I got accepted into the invite, but never got one. I'd advise against it as it doesn't sound like it will be the best device.


----------



## sobeit (Nov 11, 2007)

just to update. went ahead and ordered it. shipping date is July 15. I did rejoin amazon prime since there was some shows on it I was wanting to watch so I did not have to pay full price after all.


----------



## Masterchiefxx17 (Feb 27, 2010)

Let me know how well it works. I'll be interested in finding out.


----------



## sobeit (Nov 11, 2007)

Masterchiefxx17 said:


> Let me know how well it works. I'll be interested in finding out.
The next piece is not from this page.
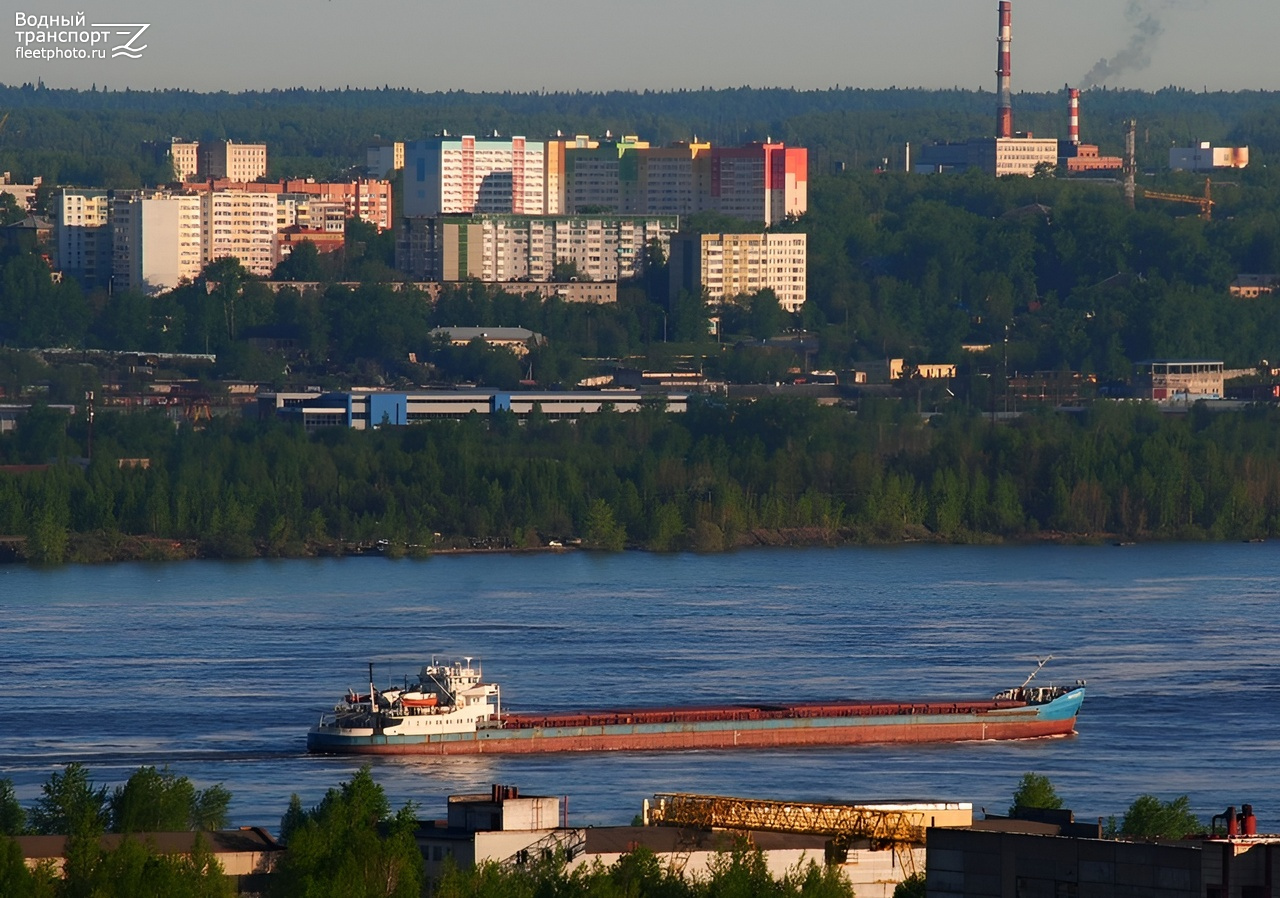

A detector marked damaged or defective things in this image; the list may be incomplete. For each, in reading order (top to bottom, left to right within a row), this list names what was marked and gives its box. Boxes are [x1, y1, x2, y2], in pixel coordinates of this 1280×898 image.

rusted crane [1144, 177, 1216, 220]
rusted crane [644, 796, 924, 872]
Got it last Thursday and have been playing around with it, trying different things. Works real good. It is turning out to be convenient to do some things like a timer, alarm clock, check the weather and the biggie, turn on the lights. Too bad my apartment cannot use the wemo light switches so I can use it to turn on overhead lights and the outside lights. I am only currently able to turn on lamps. Might be checking into the philips hue though I am not too sure if I want a third automated system for my lights. 

And the other night I had a good laugh at it when I was watching a tv show called Castle. Castle was talking to his daughter whose name is Alexa and all the sudden the echo started playing music  Alexa is the wake up word for the echo. 

Works pretty good with a grocery list. I was able to add items to my list just by telling it to add it as I was checking to see what I needed. Was able to see the list on my phone. The only bad thing about it is you can only take the items off the list manually.

At this time, I can only sing praises for it and wonder how much lazier I will be getting. :grin:


----------



## Masterchiefxx17 (Feb 27, 2010)

So it certain sounds like its worth the cost. I don't use the fancy lights, but the other items sound interesting. Maybe now its time to pick one up.


----------